28 魔法の精度を上げる
「サーシャちゃん、今日は妾に漁を任せて欲しいのじゃ」
「いいけど、なにをするの?」
「こうするのじゃ」
ヴィーヴルは川の中をじっくりと見て、腕を横へと払った。
直後、川に水飛沫が上がった。
「逃したのじゃ」
「なにをしたの?」
「魔法で魚を捕まえられないか、試してみたのじゃ。
最近、魔法が正確に使えていなかったのじゃ。
それで、もう一度きちんと練習しなおそうと思ったのじゃ」
ヴィーヴルは、魔法を行使するだけならば毎日行っている。
サーシャの送り迎え、伐り倒した木を浮かせたり、木の皮を剥いだりと様々な魔法を使っている。
だが、どれも動物に対して行使されるものではない。
動くものを相手にするためには、どちらの方へ逃げるのか先読みする必要があるし、より正確な場所へ魔法を発動させて攻撃しなければいけない。

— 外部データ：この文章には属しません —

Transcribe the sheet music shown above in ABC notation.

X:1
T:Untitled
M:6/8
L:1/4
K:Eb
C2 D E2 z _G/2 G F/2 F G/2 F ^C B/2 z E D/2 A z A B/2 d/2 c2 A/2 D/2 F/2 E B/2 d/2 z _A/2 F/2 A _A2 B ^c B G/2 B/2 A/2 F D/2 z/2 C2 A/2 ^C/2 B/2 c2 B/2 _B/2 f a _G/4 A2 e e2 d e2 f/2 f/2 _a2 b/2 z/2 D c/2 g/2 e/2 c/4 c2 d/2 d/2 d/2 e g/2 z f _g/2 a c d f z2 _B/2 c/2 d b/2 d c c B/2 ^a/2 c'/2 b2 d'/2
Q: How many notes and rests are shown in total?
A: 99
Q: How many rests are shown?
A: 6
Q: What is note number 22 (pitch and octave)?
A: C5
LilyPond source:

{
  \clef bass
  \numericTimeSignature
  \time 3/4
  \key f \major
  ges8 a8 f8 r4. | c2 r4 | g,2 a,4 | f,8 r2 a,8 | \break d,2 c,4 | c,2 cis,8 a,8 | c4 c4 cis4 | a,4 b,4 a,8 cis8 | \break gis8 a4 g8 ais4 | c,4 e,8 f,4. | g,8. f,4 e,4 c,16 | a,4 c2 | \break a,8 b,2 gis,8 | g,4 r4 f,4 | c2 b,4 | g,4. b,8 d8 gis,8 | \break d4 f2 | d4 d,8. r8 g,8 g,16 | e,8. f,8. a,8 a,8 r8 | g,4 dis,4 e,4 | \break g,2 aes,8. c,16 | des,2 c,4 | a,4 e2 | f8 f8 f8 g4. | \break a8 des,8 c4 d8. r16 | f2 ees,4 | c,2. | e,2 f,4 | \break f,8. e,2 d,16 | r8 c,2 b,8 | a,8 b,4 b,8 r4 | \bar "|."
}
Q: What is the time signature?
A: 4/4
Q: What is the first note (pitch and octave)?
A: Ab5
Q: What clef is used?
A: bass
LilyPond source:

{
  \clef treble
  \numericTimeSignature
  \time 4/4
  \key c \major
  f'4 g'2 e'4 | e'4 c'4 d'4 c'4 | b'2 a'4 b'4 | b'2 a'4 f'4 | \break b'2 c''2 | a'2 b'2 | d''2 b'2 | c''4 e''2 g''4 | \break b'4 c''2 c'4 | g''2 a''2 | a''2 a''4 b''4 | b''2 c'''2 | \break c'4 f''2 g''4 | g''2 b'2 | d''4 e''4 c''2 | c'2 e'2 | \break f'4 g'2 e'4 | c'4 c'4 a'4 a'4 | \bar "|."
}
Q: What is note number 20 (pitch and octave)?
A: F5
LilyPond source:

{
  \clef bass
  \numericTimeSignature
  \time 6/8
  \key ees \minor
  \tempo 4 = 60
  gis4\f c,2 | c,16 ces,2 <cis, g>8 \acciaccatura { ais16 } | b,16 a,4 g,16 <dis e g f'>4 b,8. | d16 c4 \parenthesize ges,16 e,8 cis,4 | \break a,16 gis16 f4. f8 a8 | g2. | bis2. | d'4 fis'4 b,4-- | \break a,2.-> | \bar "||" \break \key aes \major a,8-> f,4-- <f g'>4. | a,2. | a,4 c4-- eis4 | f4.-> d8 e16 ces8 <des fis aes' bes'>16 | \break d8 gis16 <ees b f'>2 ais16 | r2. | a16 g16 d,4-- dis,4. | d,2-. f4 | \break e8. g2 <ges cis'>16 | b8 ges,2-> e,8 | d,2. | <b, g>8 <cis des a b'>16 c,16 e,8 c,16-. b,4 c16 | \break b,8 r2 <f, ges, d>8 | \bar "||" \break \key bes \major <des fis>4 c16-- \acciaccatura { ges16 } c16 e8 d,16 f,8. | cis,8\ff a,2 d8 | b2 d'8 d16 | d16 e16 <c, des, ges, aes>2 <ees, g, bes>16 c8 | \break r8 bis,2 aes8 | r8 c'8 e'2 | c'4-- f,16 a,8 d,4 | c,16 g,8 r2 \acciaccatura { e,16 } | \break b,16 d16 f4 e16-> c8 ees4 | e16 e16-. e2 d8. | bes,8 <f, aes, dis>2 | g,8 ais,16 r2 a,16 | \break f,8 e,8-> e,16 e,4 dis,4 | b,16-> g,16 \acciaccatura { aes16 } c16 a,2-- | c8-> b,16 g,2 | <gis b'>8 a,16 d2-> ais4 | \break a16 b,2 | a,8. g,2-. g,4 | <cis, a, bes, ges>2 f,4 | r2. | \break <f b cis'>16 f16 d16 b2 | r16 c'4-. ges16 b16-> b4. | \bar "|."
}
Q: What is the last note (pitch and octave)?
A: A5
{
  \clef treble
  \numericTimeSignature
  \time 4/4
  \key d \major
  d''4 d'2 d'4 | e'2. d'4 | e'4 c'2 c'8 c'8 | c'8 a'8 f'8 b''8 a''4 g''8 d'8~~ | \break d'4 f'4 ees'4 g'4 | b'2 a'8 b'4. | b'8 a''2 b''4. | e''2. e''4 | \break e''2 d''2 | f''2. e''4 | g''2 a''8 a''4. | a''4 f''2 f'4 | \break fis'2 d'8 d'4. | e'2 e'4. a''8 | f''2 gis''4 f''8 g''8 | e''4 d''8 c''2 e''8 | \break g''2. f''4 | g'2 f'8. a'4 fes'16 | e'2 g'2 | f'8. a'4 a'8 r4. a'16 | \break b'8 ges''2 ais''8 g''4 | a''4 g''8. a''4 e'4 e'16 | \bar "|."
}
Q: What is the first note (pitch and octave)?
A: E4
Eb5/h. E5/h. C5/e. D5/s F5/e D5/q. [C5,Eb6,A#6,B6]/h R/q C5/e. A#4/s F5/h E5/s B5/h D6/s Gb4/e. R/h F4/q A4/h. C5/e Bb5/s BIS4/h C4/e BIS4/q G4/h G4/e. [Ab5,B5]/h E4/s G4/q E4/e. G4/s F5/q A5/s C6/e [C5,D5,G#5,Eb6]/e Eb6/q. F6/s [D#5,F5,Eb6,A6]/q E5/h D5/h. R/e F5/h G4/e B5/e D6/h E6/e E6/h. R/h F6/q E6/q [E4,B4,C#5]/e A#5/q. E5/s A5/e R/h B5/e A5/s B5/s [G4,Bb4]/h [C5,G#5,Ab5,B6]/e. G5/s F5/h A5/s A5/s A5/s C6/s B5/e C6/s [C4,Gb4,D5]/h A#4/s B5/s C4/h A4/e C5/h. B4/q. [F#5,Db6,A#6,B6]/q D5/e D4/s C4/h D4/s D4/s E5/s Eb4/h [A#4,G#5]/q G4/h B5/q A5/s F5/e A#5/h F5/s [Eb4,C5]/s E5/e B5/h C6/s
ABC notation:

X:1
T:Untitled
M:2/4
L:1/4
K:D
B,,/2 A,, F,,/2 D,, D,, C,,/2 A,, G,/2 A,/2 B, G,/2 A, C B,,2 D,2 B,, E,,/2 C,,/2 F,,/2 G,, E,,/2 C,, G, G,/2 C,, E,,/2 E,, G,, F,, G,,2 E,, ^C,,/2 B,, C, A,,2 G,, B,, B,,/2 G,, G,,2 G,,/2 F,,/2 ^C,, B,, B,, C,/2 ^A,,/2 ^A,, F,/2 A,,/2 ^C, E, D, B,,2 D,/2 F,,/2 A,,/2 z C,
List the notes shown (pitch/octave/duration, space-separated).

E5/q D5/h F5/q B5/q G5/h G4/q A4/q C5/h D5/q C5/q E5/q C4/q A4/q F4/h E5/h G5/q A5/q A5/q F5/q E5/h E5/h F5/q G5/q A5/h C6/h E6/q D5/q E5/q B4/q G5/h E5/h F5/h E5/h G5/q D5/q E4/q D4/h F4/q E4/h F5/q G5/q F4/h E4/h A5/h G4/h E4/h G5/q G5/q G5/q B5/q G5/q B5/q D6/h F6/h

ヴィーヴルはそれらのことを最近行っていなかったので、勘を取り戻すために今日の漁を買って出た。
「じゃあ、サーシャはあっちにいって、ながれてきたおさかなをひろうね」
「よろしく頼むのじゃ」
上流でヴィーヴルが魔法で魚を仕留めて、下流で仕留められて流れてきた魚をサーシャが拾う。
ヴィーヴルにとっては魔法で魚を仕留めることに集中できるし、サーシャは魚を拾うというのが遊びみたいに感じたので、両方にとって益のあることだった。
ヴィーヴルが何度目かの魔法により、やっと魚を1匹仕留めた。
うまい具合に、頭と身体が真っ二つに別れた。
「さーしゃちゃん、行ったのじゃ」
「え~、どこ~?」
サーシャは一生懸命、川面を見回すが見つけられない。
「そこなのじゃ」
ヴィーヴルは頭と身体が泣き別れた魚の在処を指差すが、サーシャは一向に見つけられない。
「もう、そこにあるのじゃ。
ほら、サーシャちゃんの目の前にあるのじゃ」
「えっ、めのまえ? ないよ~……って、あ、これか」
サーシャはやっとヴィーヴルの仕留めた魚を見つけることができた。
「見つかって、良かったのじゃ」
「そうだね~」
この後、2人は同じような感じで魚を捕まえていった。
幸いなことに、サーシャが見逃してしまった魚は無く、ヴィーヴルが仕留めた魚を全て回収することができた。
残念なことは、この日の漁で捕らえた魚は売り物にならないと、サーシャの父親から告げられた。
魚の身体に傷があるものは売り物としての価値が下がってしまい、更に頭がないようなものは売り物にならないそうだ。
(人間は焼いた魚の頭を食べぬのに、頭がないと売り物にならないのじゃ? 不思議なのじゃ……)
そうは思ったものの仕方がないので、今日の分は山分けとした。